Segment Start: LISTED RECORDS

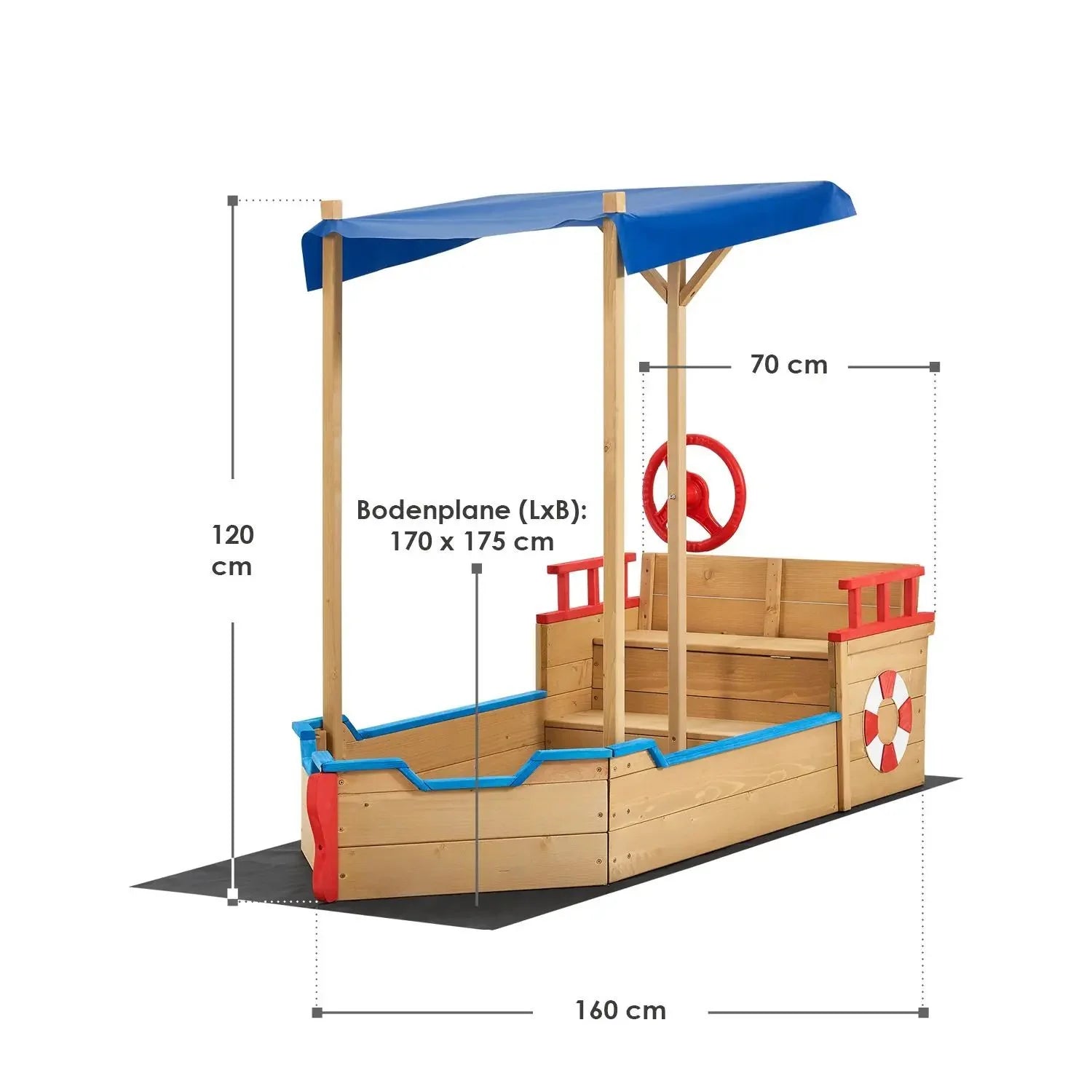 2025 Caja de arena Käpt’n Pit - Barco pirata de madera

Segment End: LISTED RECORDS
Segment Start: LISTED RECORDS

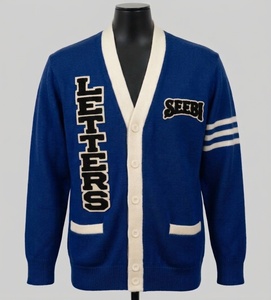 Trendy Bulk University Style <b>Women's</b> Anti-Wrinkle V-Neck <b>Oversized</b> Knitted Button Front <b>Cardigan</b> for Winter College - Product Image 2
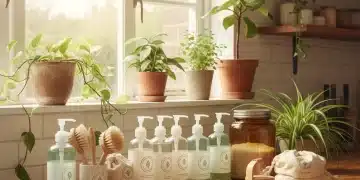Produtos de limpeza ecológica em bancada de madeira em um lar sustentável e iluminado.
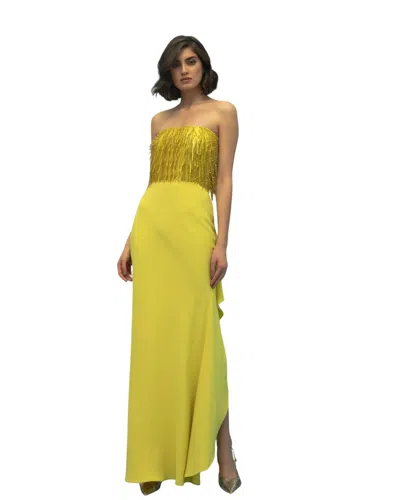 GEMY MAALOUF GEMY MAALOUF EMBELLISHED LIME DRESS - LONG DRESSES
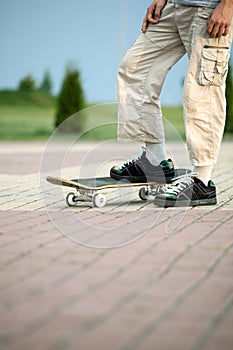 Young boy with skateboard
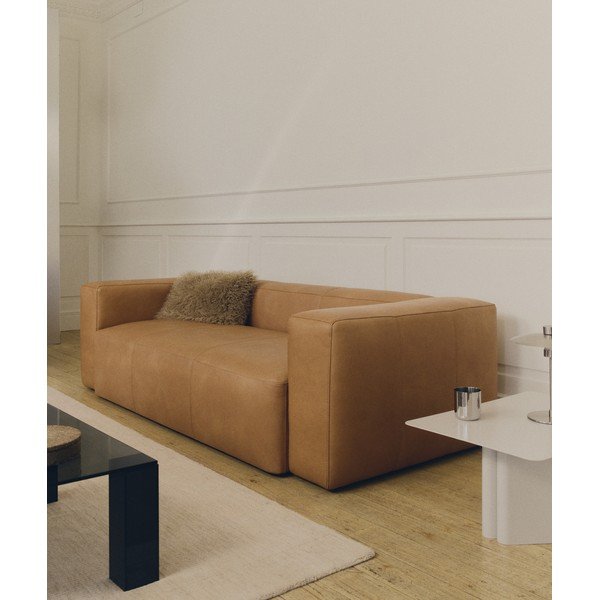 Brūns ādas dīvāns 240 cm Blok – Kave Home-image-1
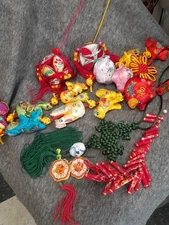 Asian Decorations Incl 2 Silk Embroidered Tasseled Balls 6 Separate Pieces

Segment End: LISTED RECORDS

§ **YOUR TASK**
What you return must match, character for character, the lines above from the one with "Young boy with skateboard" through the one with "Asian Decorations Incl", minus any pictures.

§ **YOUR RESPONSE**
 Young boy with skateboard
 Brūns ādas dīvāns 240 cm Blok – Kave Home-image-1
 Asian Decorations Incl 2 Silk Embroidered Tasseled Balls 6 Separate Pieces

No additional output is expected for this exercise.